Normally, I write about Tony award nominations the week before the ceremony (this year the ceremony is on June 12). However, I thought I’d highlight one nominee early. He’s an actor previously not mentioned in this column. “Hamilton” actor DAVEED DIGGS, 34, is nominated for best featured actor in a musical. He plays the Marquis de Lafayette and Thomas Jefferson. Diggs went to Brown University on a track scholarship, but turned his attention to theater and earned a degree in that field. He was invited to hear an early version of “Hamilton” by composer/writer Lin-Manuel Miranda and was cast in a major role.

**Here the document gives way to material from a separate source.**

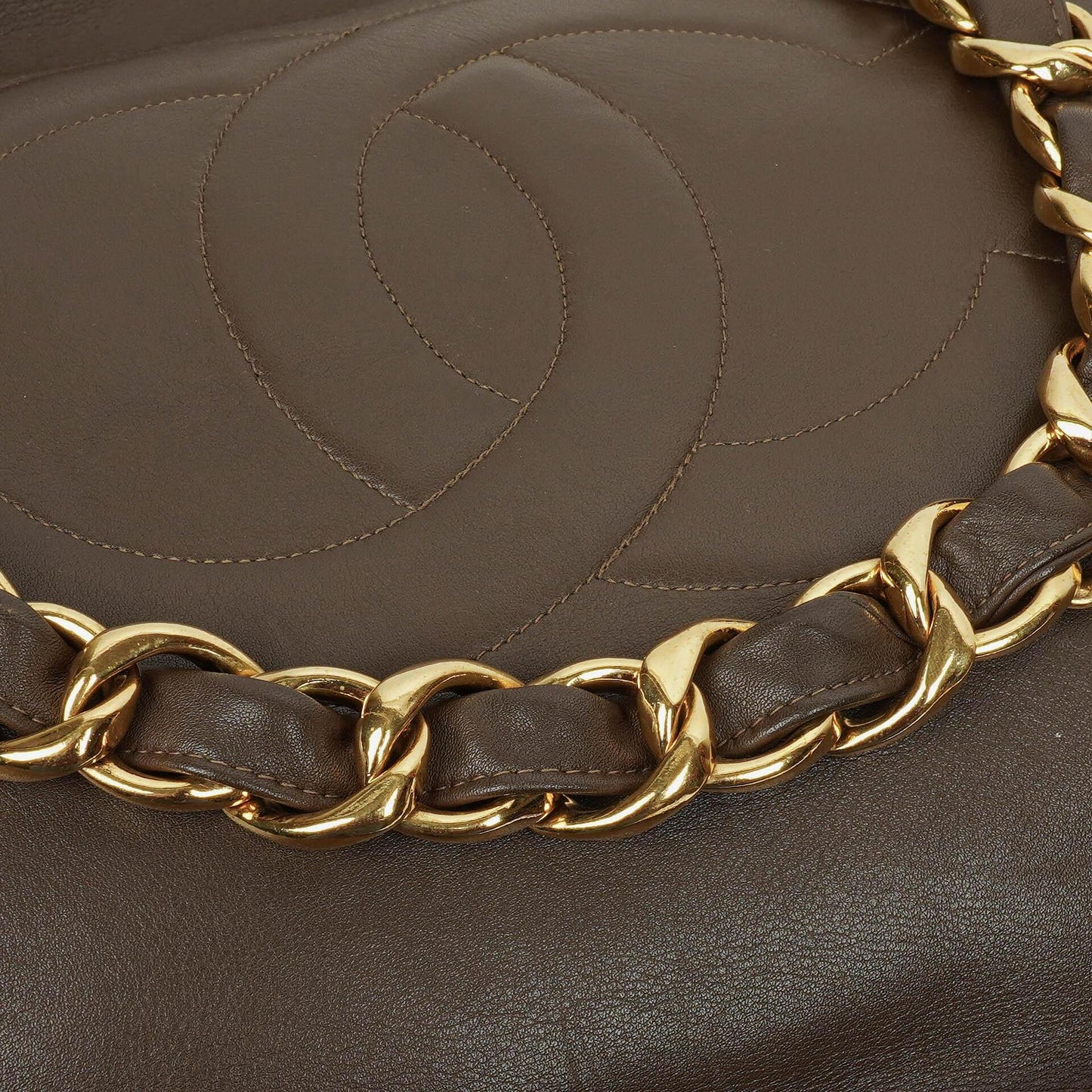 Chanel Tote Bag aus braunem Leder mit CC-Logo und Kette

Diggs is the son of Dountes Diggs, an African American who works for the San Francisco city transit system, and a white Jewish mother, Dr. BARBARA NEEDELL, 67. Now a consultant, Dr. Needell worked from 1996-2015 for U.C. Berkeley and, for some years before retiring, was the head of a University unit that aided child welfare departments statewide. She describes herself on Twitter “as the mother of two fine men” [Daveed and his brother, MALCOLM].
Last July, Daveed Diggs told Broadway.com: “I went to Hebrew school, but opted out of a bar mitzvah. My mom is a white Jewish lady and my dad is black. The cultures never seemed separate—I had a lot of mixed friends. When I was young, I identified with being Jewish, but I embraced my dad’s side too.”

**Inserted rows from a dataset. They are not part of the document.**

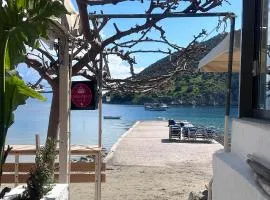 A&K Seafront Apartment 10m to Beach-Private Access,Tolo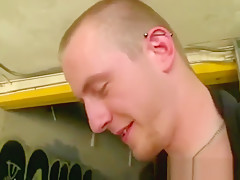 This doo rag cock sucker knows what to do with hard dick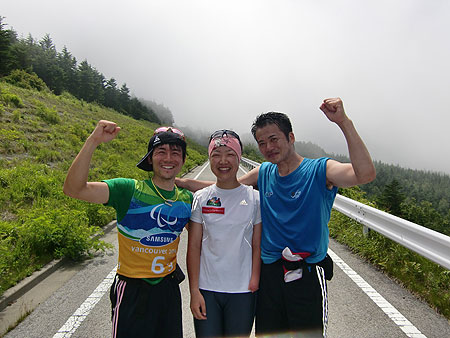 左から佐藤圭一選手、太田渉子選手、荒井秀樹監督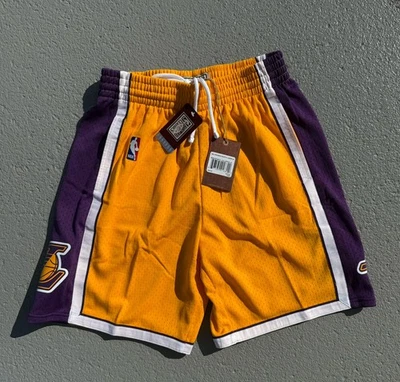 Men's Mitchell & Ness Los Angeles Lakers NBA Swingman Shorts 2009 Medium - Image 1 of 4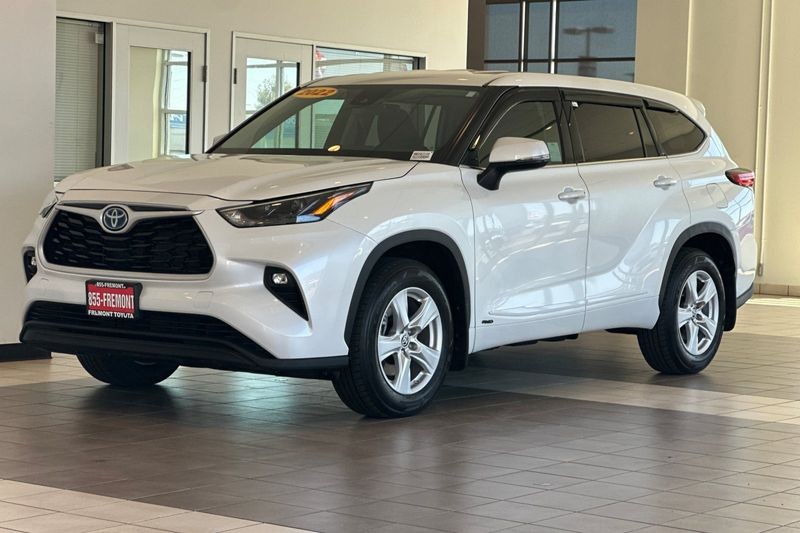 Toyota Highlander Vehicle Full-screen Gallery Image 08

“Hamilton”, the musical, has earned a record 16 Tony nominations. It’s based on a 2004 biography by RON CHERNOW, now 67. Back in 2004, I wrote about this about the book: “Chernow, who describes himself as ‘Jewish, but more in the breach than in the observance,’ covers Hamilton's Jewish connections. Hamilton's French Protestant mother was married to a Dane named Lavien, which lead to speculation that Lavien was Jewish — but Chernow notes there is no real proof of this. Hamilton's mother left Lavien and took up with a non-Jewish Scot named James Hamilton — who fathered Alexander. The terms of her divorce forbade her marry again, and Alexander was born out-of-wedlock. Chernow writes that Hamilton [who grew-up on Nevis, a West Indian island] had a high opinion of Jews. Hamilton wrote that a Nevis Jewish woman tutored him as a child, and he once recited the Ten Commandments in Hebrew before her. As an adult, Hamilton defended Jews from the bigoted attitudes of the day — like ‘all Jews’ were untruthful.”

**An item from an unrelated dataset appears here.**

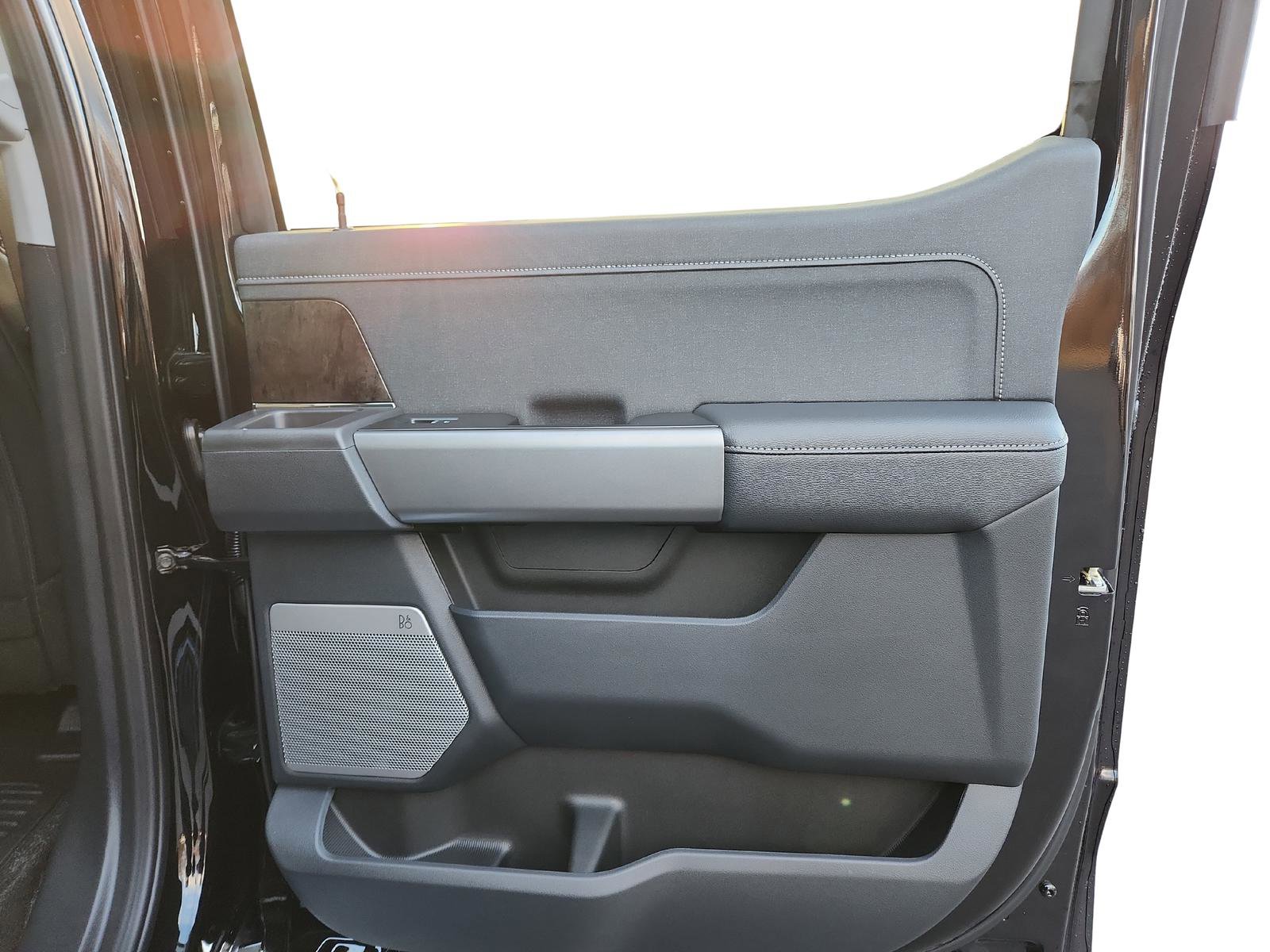 New 2026 Ford F350 Lariat w/ Lariat Premium Package image 29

One final note—Manuel and his wife aren’t Jewish. But she loves “Fiddler on the Roof” and at their 2010 wedding, Manuel (aided by many talented friends) sang “L’Chayim to Life”. It is such a well-done and joyful version that you really have to see the Youtube video, entitled “Vanessa’s Wedding Surprise”. Click here----just me, you'll be amazed and delighted. Vanessa's Wedding Surprise---to life!
ROB REINER’s directorial career slump may end this May. There’s pretty good advance buzz for “Being Charlie,” which opens on May 6, but won’t be in most theaters until Friday, May 13. It was co-written by his son, NICK REINER, 22, and it is a semi-autobiographical account about Nick’s battle with drugs and the burdens of having a famous last name. Rob, 69, told ABC News: "Over the course of making the film, our relationship definitely changed. It wasn't terrible or anything, but it got better, because I then understood a lot more of what he had gone through and he understood a bit more what I had gone through.”
Jews in Odd Places, Part I
Recently, two persons of Jewish background have been in the news in Iceland and the Congo, two countries that couldn’t be more different or less associated with Jews. Iceland has an elected president, Olafur Grimmson, who is chief of state, and wields some power. But the main power is held by the Prime Minster. Well, Iceland’s Prime Minister resigned on April 6th following the “Panama Papers” revelation that he had had big overseas secret bank accounts. Grimmison, now serving his fifth term, planned to retire this year. But he decided to run for a sixth term to provide stability in the midst of the overseas bank scandal. His wife since 2003 is DORRIT MOUSSAIEFF, 66. She’s an Israeli from a prominent family in the jewelry business. Iceland has been historically pretty hostile to Jews (including barring those who wanted to flee Nazi Germany). So, the First Lady of Iceland is reportedly guarded about any open ties to Iceland’s tiny Jewish community.